Only certain lines below are wanted: those starting at the line containing "Men's chunky - sole" and ending at the line containing "CatleyaSmith online show", both included, each retyped exactly.

Short descriptive text snippets
□ □ □ □

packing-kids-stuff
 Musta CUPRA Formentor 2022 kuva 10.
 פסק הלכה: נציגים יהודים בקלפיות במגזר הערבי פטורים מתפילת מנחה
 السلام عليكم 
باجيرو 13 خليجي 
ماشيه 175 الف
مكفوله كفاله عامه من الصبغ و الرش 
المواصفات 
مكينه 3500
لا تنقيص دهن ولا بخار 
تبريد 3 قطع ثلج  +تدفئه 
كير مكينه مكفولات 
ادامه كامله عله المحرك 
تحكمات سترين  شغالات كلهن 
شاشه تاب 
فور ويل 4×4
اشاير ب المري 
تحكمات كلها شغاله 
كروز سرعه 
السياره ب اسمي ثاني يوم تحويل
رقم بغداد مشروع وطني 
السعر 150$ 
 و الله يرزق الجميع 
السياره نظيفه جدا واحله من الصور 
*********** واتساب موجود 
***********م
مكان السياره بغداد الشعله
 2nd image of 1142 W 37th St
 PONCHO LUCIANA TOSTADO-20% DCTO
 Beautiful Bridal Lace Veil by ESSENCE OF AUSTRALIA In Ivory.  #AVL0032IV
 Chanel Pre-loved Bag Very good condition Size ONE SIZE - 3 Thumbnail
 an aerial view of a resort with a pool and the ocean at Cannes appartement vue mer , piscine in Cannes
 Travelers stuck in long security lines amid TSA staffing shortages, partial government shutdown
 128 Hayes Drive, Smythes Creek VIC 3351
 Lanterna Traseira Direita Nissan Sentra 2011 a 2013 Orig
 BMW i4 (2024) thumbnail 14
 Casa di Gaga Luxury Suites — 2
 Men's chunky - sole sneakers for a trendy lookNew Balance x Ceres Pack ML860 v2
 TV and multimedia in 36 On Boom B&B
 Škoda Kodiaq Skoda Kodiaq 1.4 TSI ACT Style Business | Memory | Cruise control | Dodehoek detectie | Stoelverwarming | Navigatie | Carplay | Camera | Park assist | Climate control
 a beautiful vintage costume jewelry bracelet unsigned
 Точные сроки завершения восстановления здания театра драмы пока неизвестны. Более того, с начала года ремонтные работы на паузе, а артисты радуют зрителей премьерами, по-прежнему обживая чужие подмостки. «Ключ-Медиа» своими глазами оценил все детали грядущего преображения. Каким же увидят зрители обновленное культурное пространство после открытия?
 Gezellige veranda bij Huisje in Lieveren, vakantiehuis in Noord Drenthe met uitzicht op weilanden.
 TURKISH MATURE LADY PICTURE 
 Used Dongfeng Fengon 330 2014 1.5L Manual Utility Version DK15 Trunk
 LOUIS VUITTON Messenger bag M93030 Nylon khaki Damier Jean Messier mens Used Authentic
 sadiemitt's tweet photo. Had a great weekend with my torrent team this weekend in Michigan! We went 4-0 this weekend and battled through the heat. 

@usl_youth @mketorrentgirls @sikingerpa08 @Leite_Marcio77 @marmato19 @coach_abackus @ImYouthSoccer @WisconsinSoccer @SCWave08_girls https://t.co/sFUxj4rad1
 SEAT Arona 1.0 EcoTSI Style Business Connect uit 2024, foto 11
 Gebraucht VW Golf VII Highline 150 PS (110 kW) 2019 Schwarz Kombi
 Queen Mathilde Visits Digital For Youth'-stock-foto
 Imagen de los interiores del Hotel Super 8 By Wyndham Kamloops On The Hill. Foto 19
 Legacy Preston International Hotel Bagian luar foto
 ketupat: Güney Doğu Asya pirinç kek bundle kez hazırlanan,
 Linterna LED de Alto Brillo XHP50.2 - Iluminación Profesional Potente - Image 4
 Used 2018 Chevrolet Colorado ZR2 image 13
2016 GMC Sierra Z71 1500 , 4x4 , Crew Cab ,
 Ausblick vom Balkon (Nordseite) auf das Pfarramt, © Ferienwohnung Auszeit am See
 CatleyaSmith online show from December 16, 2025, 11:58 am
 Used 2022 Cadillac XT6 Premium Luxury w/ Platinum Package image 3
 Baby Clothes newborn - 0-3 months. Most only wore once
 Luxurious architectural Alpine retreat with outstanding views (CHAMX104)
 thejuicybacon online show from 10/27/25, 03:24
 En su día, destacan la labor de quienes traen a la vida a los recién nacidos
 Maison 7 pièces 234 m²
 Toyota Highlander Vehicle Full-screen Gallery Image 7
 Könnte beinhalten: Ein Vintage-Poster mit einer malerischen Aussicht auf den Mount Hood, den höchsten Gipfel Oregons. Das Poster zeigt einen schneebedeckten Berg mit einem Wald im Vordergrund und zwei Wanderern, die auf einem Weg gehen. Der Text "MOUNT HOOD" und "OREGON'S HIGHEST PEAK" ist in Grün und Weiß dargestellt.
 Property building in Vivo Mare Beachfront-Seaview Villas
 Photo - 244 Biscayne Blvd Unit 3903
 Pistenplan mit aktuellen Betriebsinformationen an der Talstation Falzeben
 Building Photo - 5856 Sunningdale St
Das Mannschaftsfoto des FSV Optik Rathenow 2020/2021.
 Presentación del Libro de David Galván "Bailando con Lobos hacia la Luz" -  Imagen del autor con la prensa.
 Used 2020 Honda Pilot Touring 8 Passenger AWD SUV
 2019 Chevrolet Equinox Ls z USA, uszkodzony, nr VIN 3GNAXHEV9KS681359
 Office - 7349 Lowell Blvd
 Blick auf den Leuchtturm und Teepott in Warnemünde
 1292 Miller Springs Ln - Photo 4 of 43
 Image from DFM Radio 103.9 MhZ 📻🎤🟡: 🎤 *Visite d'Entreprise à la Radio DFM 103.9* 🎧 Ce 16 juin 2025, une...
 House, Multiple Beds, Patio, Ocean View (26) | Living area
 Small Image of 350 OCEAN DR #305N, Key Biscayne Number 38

□ □ □ □

## Written solution
 Men's chunky - sole sneakers for a trendy lookNew Balance x Ceres Pack ML860 v2
 TV and multimedia in 36 On Boom B&B
 Škoda Kodiaq Skoda Kodiaq 1.4 TSI ACT Style Business | Memory | Cruise control | Dodehoek detectie | Stoelverwarming | Navigatie | Carplay | Camera | Park assist | Climate control
 a beautiful vintage costume jewelry bracelet unsigned
 Точные сроки завершения восстановления здания театра драмы пока неизвестны. Более того, с начала года ремонтные работы на паузе, а артисты радуют зрителей премьерами, по-прежнему обживая чужие подмостки. «Ключ-Медиа» своими глазами оценил все детали грядущего преображения. Каким же увидят зрители обновленное культурное пространство после открытия?
 Gezellige veranda bij Huisje in Lieveren, vakantiehuis in Noord Drenthe met uitzicht op weilanden.
 TURKISH MATURE LADY PICTURE 
 Used Dongfeng Fengon 330 2014 1.5L Manual Utility Version DK15 Trunk
 LOUIS VUITTON Messenger bag M93030 Nylon khaki Damier Jean Messier mens Used Authentic
 sadiemitt's tweet photo. Had a great weekend with my torrent team this weekend in Michigan! We went 4-0 this weekend and battled through the heat. 

@usl_youth @mketorrentgirls @sikingerpa08 @Leite_Marcio77 @marmato19 @coach_abackus @ImYouthSoccer @WisconsinSoccer @SCWave08_girls https://t.co/sFUxj4rad1
 SEAT Arona 1.0 EcoTSI Style Business Connect uit 2024, foto 11
 Gebraucht VW Golf VII Highline 150 PS (110 kW) 2019 Schwarz Kombi
 Queen Mathilde Visits Digital For Youth'-stock-foto
 Imagen de los interiores del Hotel Super 8 By Wyndham Kamloops On The Hill. Foto 19
 Legacy Preston International Hotel Bagian luar foto
 ketupat: Güney Doğu Asya pirinç kek bundle kez hazırlanan,
 Linterna LED de Alto Brillo XHP50.2 - Iluminación Profesional Potente - Image 4
 Used 2018 Chevrolet Colorado ZR2 image 13
2016 GMC Sierra Z71 1500 , 4x4 , Crew Cab ,
 Ausblick vom Balkon (Nordseite) auf das Pfarramt, © Ferienwohnung Auszeit am See
 CatleyaSmith online show from December 16, 2025, 11:58 am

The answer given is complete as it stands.